When you use the wizard, JSON definitions for these Data Factory entities (linked services, datasets, and the pipeline) are automatically created for you. When you use tools/APIs (except .NET API), you define these Data Factory entities by using the JSON format. For samples with JSON definitions for Data Factory entities that are used to copy data to/from an Azure SQL Database, see JSON examples section of this article.

The following sections provide details about JSON properties that are used to define Data Factory entities specific to Azure SQL Database:

Linked service properties

An Azure SQL linked service links Azure SQL Database to your data factory. The following table provides description for JSON elements specific to Azure SQL linked service.
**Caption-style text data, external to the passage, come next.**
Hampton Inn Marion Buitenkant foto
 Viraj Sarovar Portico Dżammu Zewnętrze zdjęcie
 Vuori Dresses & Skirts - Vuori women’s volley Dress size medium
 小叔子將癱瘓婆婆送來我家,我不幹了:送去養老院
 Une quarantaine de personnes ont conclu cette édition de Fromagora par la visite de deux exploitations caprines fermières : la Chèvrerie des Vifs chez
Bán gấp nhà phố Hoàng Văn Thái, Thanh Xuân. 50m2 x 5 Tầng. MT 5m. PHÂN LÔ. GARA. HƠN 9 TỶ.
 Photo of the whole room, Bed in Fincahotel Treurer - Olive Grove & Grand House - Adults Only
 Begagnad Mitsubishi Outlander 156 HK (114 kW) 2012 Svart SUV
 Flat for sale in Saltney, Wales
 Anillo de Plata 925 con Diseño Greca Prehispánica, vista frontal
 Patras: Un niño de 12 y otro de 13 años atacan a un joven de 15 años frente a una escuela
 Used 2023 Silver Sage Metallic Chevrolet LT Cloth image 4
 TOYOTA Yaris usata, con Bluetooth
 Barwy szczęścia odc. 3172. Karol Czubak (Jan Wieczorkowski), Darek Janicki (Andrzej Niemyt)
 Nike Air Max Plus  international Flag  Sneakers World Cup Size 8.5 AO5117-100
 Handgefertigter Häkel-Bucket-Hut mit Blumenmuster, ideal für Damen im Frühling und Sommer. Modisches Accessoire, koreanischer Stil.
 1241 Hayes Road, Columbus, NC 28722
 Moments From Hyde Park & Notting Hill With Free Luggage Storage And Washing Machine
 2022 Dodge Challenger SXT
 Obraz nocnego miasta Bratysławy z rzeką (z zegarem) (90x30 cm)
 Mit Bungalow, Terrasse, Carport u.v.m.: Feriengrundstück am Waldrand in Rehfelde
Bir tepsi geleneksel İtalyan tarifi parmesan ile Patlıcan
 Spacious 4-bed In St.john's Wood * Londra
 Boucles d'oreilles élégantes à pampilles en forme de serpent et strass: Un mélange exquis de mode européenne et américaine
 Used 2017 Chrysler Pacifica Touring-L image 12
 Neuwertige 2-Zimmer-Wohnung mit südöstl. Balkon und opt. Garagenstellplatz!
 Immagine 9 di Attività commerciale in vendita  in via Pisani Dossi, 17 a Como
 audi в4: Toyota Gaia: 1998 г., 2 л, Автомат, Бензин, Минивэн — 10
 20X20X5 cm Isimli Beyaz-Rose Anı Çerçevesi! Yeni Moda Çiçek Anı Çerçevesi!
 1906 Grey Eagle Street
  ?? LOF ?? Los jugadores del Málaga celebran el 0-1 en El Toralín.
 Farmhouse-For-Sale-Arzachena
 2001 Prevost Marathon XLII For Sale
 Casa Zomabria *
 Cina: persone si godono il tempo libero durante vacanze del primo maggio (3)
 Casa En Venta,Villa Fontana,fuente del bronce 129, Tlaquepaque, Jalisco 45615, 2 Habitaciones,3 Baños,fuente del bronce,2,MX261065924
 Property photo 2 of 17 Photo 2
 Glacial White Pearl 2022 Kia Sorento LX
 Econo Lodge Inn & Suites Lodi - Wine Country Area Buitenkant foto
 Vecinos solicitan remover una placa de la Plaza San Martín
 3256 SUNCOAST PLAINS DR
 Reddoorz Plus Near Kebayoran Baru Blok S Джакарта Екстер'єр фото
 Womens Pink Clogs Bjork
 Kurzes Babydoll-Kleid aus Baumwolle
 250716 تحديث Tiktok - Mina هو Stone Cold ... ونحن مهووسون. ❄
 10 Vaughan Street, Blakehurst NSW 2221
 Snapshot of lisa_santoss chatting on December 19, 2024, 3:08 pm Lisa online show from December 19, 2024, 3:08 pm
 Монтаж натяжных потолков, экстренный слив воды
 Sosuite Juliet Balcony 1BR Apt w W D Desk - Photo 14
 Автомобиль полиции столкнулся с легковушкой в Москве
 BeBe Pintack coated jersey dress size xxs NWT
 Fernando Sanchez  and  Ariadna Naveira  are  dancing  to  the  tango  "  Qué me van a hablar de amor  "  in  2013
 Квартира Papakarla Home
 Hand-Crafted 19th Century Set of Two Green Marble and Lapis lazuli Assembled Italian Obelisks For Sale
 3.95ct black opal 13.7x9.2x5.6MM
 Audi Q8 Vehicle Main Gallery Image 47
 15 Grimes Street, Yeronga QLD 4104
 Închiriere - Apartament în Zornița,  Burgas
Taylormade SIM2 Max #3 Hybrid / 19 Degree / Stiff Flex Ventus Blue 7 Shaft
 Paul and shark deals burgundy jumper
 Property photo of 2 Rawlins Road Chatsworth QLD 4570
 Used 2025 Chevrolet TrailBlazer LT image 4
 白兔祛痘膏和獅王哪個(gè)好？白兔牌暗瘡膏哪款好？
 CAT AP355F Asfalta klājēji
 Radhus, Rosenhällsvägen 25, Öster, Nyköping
Property Description Required
type The type property must be set to: AzureSqlDatabase Yes
connectionString Specify information needed to connect to the Azure SQL Database instance for the connectionString property. Only basic authentication is supported. Yes

Important

Configure Azure SQL Database Firewall the database server to allow Azure Services to access the server. Additionally, if you are copying data to Azure SQL Database from outside Azure including from on-premises data sources with data factory gateway, configure appropriate IP address range for the machine that is sending data to Azure SQL Database.

Dataset properties

To specify a dataset to represent input or output data in Azure SQL Database, you set the type property of the dataset to: AzureSqlTable. Set the linkedServiceName property of the dataset to the name of the Azure SQL linked service.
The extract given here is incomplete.